This private credit sell-off will play itself out. Sure, there will be losses, but the firms that did good underwriting will survive. This will pass. During Covid, BDC was down 30%, didn't see many defaults, then a year and a half later were at a premium to NAV.

COMMENT

It's been encouraging for the price of oil that some vessels that are not American and from friendlier nations are allowed through the Strait of Hormuz. This may dampen the oil price is the war lasts for a long time. The US has more firepower than Iran, but Trump is must be aware of his voters because gas prices have jumped, his popularity rating has plunged and he must consider the November midterm elections. He may be thinking of pulling out sooner than later, but everyone is speculating. Oil and fertilizer prices have risen which will inflate grocery prices. She doesn't own oil producers, but holds pipelines.

COMMENT
Shouldn't the price of gold be rising now?
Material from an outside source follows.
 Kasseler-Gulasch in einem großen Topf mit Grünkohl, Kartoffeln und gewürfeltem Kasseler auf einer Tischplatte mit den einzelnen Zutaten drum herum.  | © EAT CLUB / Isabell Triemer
When the war began, the US dollar strengthened, which is often negative for gold. Also, gold has had a huge run, so there could be profit taking. She doesn't invest in commodities and wouldn't buy gold now.

COMMENT
private equity sell-off

The private markets are ideal with people with a 20-30-year objective. He blames the media for blowing things up.  If you read the fine print within these private equity stocks, they explain they're illiquid and a process to redeem your assets, and there will be gating when demand to redeem exceeds supply. None of this is a surprise, and yet the media reports it as the end of the world. These stocks are now trading at a steep discount to NAV. Everyone should own these stocks in their portfolios.

COMMENT
money market solutions

All the banks have ETFs and fine to place short-term money. As for floating rate notes, they work in interest rates rise, but not so well when they fall compared to a short-term bond fund.

COMMENT
educational segment

Almost half the Nasdaq is made up of the top 10 stocks. That concentration keeps growing. Three major IPOs, including SpaceX, are coming and could be trillion-dollar IPOs. The way Nasdaq is changing its rules is that once these companies go IPO, they will force the natural buying of the index funds. The passive index exposure is very concentrated too,.

COMMENT

The price of oil is sticking due to uncertainty. Until the Strait of Hormuz logjam ends, we will see a geopolitical premium in the energy market. Energy impacts everybody everywhere. The strait is the biggest chokepoint for oil. Trump is pressuring other nations to get involved to open the strait, nations which rely on this oil. It's a big week for central weeks, such as Australia's. Expects them to pause policy decision because of the Mideast war. Of concern is the weak employment number from last Friday--due to AI or the end of the business cycle? Rising oil prices don't help.

COMMENT

The so-called credit crisis in private equity stocks is wrong. The fault lies with private credit funds that are inept at explaining the retail investors how their funds work and can access their capital. These cast majority of these private credit funds have and do work and can pay their debts.  The banks are not hurt at all. These are not like mutual funds, but rather have limited liquidity and are set up to last 6-10 years and pay hefty dividends to investors in the meantime. These are long-term vehicles that lock in your investment. There will not be a private credit bank run.

COMMENT
Oil price tipping points

There are three tipping points for oil prices. The first is the Headwind Zone where oil reaches $120 a barrel. Consumers feel the impact but this is mostly offset by increased revenue and taxes from oil producers in Canada and the US. For example the $9 billion dollar deficit in Alberta was gone two days after the war started in Iran. The second level is called the Recessionary Zone at $150 a barrel. This leads to demand destruction as consumers and businesses drastically curtail spending to cut costs. Spending on oil reaches 5% of GDP which historically has meant recession. The third zone is called Systemic Crisis at $200 per barrel. This leads to a systemic tax at every operational level of commerce which would lead to a global downturn.
The breaking point is higher than a week ago because Canada and the US are much more service oriented and a lot less manufacturing oriented, so are less energy intensive and more efficient with equipment. Also the US produces a lot more oil and gas now than in the 1970's

COMMENT
Oil stocks

Since oil stocks have already run up in January and February before the war, it is time to take some profits. Consider selling into your biggest weightings.

COMMENT
Canada job numbers missed.

We had a strong 2025. I think they missed the youth unemployment, and that's one of the main reasons why it went up that high this time around. Though youth unemployment reached 12-12.5%, he believes it's a lot higher than that. They're not counting people who have yet to participate in the market.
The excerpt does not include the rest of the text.